Howto: High-Key Underwater Macro Photos

I previously discusses low-key photography, now moving on to high-key photography.  High-key photography is a subject on a white or light background.

Why High-Key

High-key is a great way to bring out other colors in the photo.  The trick is to overexpose the photo except for the subject, which you leave as normal or just a little bit overexposed.

Getting Started

The process is relatively simple.

You need a lighter background to bounce light off of.  The important thing is that empty water does bounce light back but only with a slow shutter speed and only if you want a blue or brown background.  There are a couple of ways to get the right background:

  • Pick a subject with a vertical backstop.  Coral, anemones, etc.  Even colors like orange or red work.
  • Shoot looking down on the subject so that the sand or coral serves as the background.
  • Use a dive slate as a mobile background.

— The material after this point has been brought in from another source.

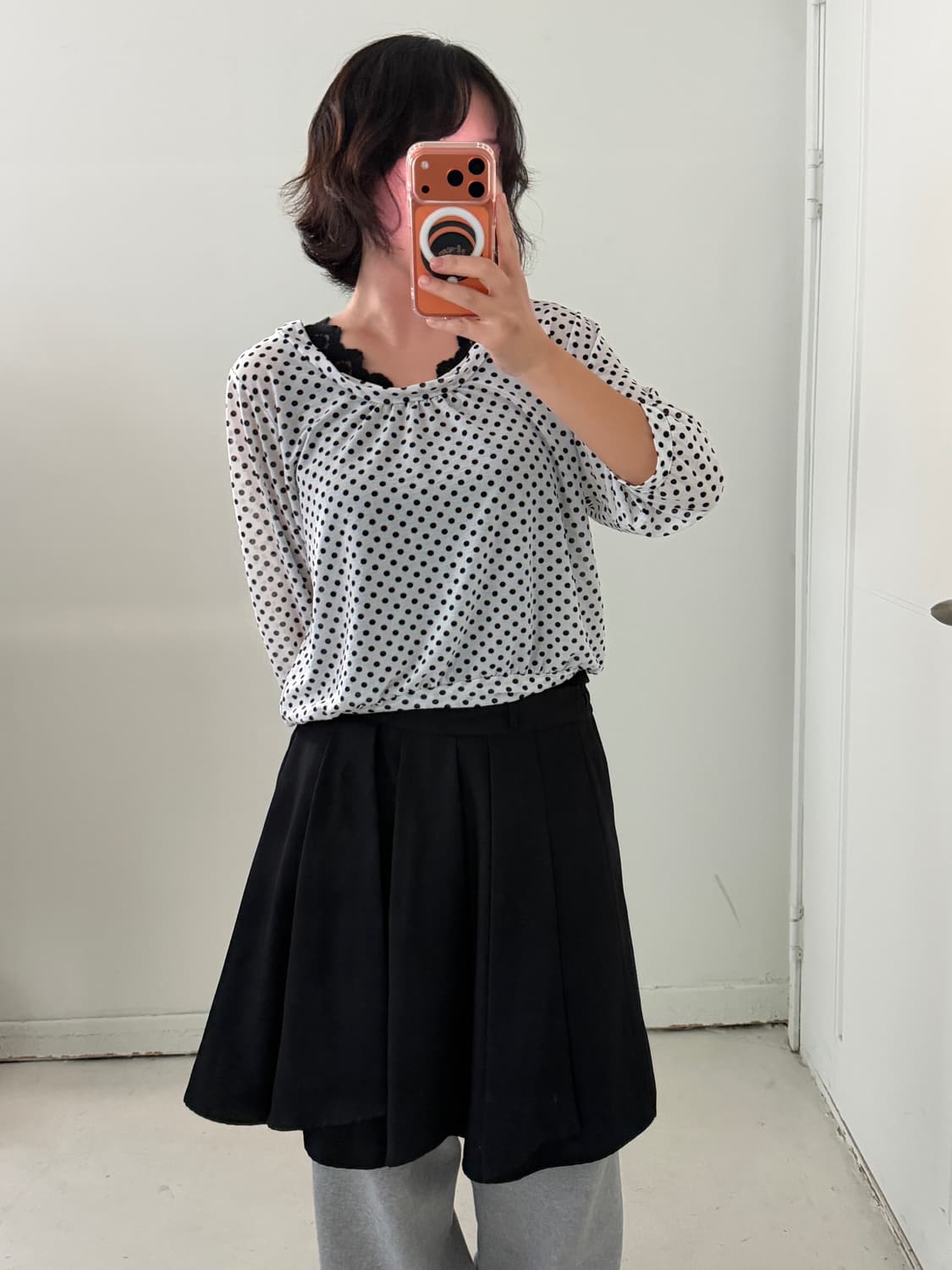 일본빈티지 블랙 핀턱 미디스커트 상품이미지1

The next thing that you do is to light the background and try to avoid getting excessive light on the subject.  This could mean many things:

  • 2 Strobes or Video Lights with Diffusers: point them forward or outward.  Try to “kiss” the subject with the inside edge of the light beam.
  • 2 Video Lights: cross them behind the subject.  Without diffusers, it’s easier to see where the edge of the beam is, so you end up adjusting your lighting more.
  • Single Focus or Video Light: Use a longer arm to reach over the top of the subject and light behind it.

The most nuanced part of the setup is to make sure that your subject isn’t in silhouette.  If you have to, add weaker light from the front or top to add a small amount of light to the subject so that some of the details are restored.

The last thing to do is to adjust your exposure.  This depends on your gear, but it’s usually one or two of the following:

  • Manual Mode: Use a wider aperture like F4 or F6 and a slower shutter speed.  The hard part here is to avoid a super-thin depth of focus (with a supermacro converter, I usually have a paper-thin focus plane) or to slow the shutter speed down so much that you introduce blurring from moving: yourself or the subject.
  • Automatic Mode: Adjust the Exposure Compensation to +1 or +2 to trick the camera into exposing a lighter photo.  The amount that you have to adjust depends on how much light the background and subject reflect.
  • Turn Up the Lighting: With some setups like strobes and video lights, you can increase the power on your lighting to overexpose the background.  The important thing is to overexpose the background and not the subject.

Since there are many variables involved, there are many options that all work.  Try using multiple techniques to get the job done and feel free to experiment.

Take it to the Next Level

While you’re making the background lighter use a board with glitter for an interesting background.  Combined with overexposure and a bit of bokeh, it makes for a really nice picture.

Try different colored backgrounds like orange sponges or a field of light-blue tunicates as a background.

Try compositions with the subject offset to the left or right and some negative space opposite them.  Try to use the 1/3 layout with the subject on one of the thirds and the other side blank.